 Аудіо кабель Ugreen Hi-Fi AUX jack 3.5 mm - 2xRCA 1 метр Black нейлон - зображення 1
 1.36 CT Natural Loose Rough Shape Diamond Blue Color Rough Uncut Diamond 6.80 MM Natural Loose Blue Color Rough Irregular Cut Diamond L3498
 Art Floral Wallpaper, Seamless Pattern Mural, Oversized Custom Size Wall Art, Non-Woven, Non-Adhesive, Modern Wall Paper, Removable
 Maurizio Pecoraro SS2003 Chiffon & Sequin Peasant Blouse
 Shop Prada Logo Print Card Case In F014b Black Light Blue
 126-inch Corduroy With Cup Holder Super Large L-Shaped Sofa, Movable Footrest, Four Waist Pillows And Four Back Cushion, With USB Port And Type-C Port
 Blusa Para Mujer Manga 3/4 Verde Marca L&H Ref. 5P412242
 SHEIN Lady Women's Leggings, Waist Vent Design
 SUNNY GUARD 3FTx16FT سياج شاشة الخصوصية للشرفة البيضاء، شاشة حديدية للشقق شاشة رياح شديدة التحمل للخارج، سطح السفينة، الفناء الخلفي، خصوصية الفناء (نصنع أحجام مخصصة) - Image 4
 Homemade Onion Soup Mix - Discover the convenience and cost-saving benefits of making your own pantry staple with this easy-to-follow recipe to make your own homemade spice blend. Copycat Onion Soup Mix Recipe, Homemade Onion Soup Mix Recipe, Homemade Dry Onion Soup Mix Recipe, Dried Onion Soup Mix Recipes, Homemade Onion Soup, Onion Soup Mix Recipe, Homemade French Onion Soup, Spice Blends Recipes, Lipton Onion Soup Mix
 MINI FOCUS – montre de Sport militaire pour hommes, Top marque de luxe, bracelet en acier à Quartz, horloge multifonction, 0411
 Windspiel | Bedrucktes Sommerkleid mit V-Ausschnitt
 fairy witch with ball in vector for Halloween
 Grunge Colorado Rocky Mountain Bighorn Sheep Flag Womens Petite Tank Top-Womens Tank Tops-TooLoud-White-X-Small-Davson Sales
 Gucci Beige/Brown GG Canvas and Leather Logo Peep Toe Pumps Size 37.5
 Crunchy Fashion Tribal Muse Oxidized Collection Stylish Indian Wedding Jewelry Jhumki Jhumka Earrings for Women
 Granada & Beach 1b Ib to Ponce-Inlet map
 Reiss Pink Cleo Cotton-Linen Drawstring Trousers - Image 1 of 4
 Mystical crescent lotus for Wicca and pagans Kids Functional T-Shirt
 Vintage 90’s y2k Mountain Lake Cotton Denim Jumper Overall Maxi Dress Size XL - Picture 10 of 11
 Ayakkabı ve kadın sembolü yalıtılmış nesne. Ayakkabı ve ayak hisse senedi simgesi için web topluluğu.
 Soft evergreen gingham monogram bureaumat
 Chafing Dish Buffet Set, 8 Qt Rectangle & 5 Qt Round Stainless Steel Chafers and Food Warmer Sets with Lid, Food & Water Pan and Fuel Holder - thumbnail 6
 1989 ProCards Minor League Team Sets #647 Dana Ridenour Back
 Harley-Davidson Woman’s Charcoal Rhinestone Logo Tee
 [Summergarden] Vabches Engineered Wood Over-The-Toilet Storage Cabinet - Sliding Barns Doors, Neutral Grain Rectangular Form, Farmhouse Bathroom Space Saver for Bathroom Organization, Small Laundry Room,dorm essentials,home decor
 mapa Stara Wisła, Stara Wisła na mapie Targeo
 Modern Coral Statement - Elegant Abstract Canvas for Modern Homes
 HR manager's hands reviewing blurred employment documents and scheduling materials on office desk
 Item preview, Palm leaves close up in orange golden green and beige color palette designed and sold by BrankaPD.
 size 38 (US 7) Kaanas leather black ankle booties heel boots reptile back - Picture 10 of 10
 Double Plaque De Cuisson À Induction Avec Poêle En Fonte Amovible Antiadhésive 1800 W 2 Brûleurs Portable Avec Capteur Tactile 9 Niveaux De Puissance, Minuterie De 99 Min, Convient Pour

Problem details:
Leave out every line before the one containing "Modern Coral Statement"; set down that line and all remaining lines of the material exactly.

Reply to the exercise:
 Modern Coral Statement - Elegant Abstract Canvas for Modern Homes
 HR manager's hands reviewing blurred employment documents and scheduling materials on office desk
 Item preview, Palm leaves close up in orange golden green and beige color palette designed and sold by BrankaPD.
 size 38 (US 7) Kaanas leather black ankle booties heel boots reptile back - Picture 10 of 10
 Double Plaque De Cuisson À Induction Avec Poêle En Fonte Amovible Antiadhésive 1800 W 2 Brûleurs Portable Avec Capteur Tactile 9 Niveaux De Puissance, Minuterie De 99 Min, Convient Pour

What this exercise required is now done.